Photo: Game of the People

FOR A city with 14 million people, Tokyo seems a very quiet place. It is a metropolis of great contradictions, indeed Japan as a whole is a nation of great contrasts. Public transport runs on time with immaculate precision, but nobody speaks on the trains. At the same time, escalators talk to you, toilets warm your rear and squirt water into your nether regions, the famous Shibuya crossing bamboozles you with imagery and foreigners are warned to “be quiet…because that’s the Japanese way”.

So what would you make of a Japanese football crowd? Given any audience at a game is naturally noisy, you would assume that football is everything that Japanese society is not. Only recently, Gamba Osaka got into trouble for some fans waving flags that appeared to have Nazi insignia emblazoned across them. Three years ago, Urawa Reds had some issues over “Japanese only” slogans. There’s a suspicion of foreigners in Japan that is evidenced when you board a train – if your skin is not the same tone as a Japanese, you are viewed with some curiosity, especially outside of the centre of Tokyo. Overseas visitors might even hear the word “Gaijin” which is used to describe a foreigner. It is generally viewed negatively and mainly used by xenophobes. Mostly, Japanese people are charming and welcoming, polite and reserved – as the tourists will find out in 2020 when the Olympics roll into Tokyo.

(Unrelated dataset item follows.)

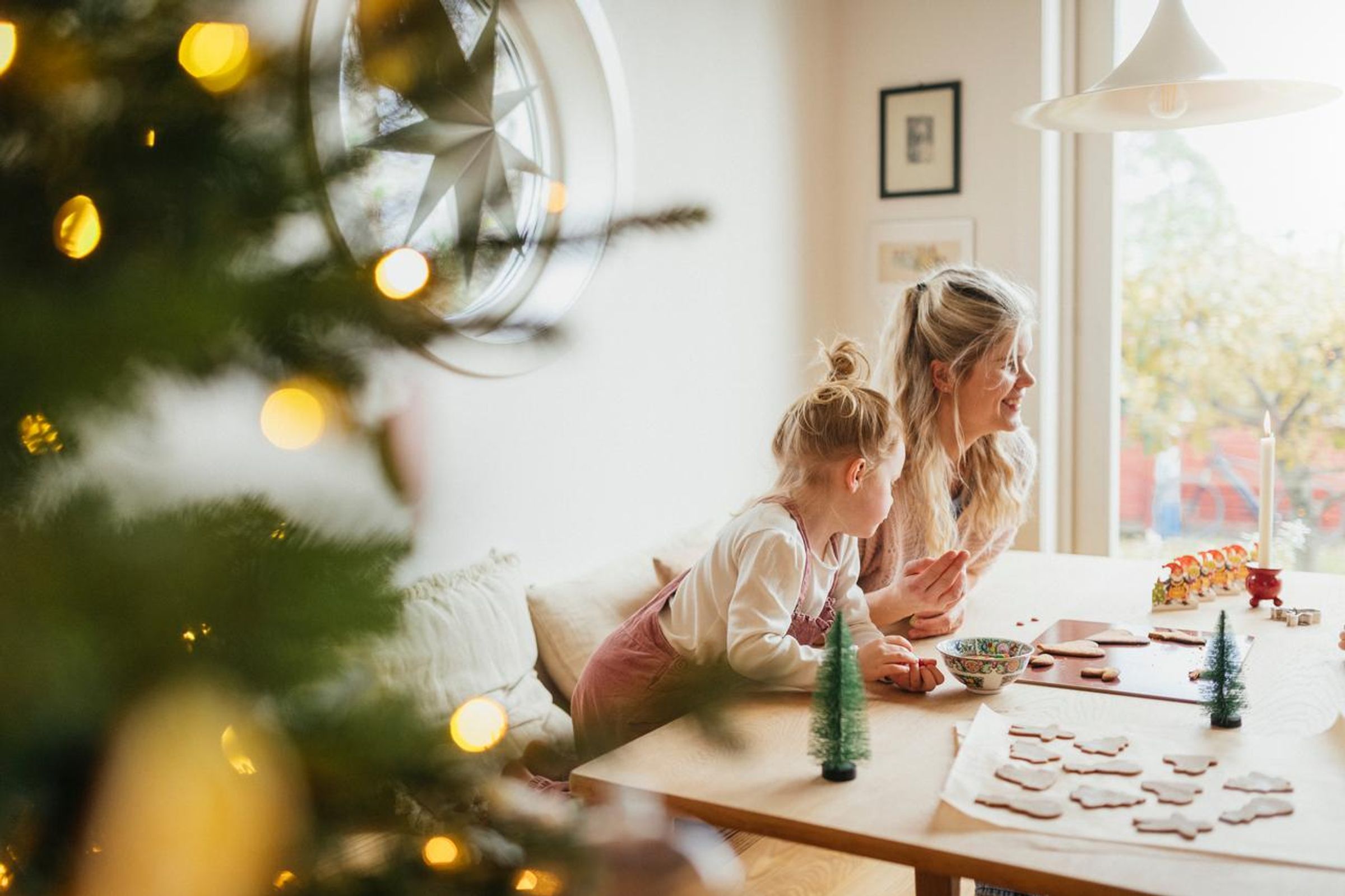 På bildet ser man et barn og en voksen som sitter ved et kjøkkenbord og pynter pepperkaker. I bakgrunnen ser man et pyntet juletre.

The J-League, now 25 years old, has its fair share of foreign players, although regionally, the rise of China and its transfer fees, is putting some pressure on Japan’s top clubs. Needless to say, there are more Brazilians – around 40 – than any other nation. South Korea has 18 players plying their trade in the J-League. There are also two North Koreans.

That football crowd, then. Game of the People travelled to Yokohama to see Yokohama F Marinos take on Gamba Osaka at the Nissan Stadium on April 30. The train from Yokohama central station to Shin-Yokohama was packed with blue-shirted Marinos fans. But it was deathly quiet. Again, on arrival, with hundreds of football fans heading for the stadium, there was no noise. I had predicted a big crowd as Marinos are well supported and Osaka were riding high in the J-League, but the walkways to the arena, just 40 minutes from kick-off, were empty. The atmosphere seemed very subdued as we approach a ground that hosted the 2002 World Cup final.

It’s a vast place, all well-scrubbed concrete and efficient access. It’s also the largest in Japan with a capacity of 72,000. As we reached the entrance, we could hear the hum of the crowd inside the stadium – the reason the journey had been so quiet. Aside from a little Japanese reserve, the tumbleweed walkways could be explained by the fact the ultras were already inside, singing for Yokohama, Osaka and Japan.

Beneath the stands, there was the feel of a very clean multi-storey car park. The food concessions were so orderly you had to wonder if you were really at a football match and the sight of a fresh vegetable stall in the concourse was very puzzling. Someone suggested it was a stall selling produce from Osaka, but we never found out. It added a very surreal element to the pre-match, a smiling, bowing lady selling bamboo, radishes, giant apples and other staples of the Japanese diet.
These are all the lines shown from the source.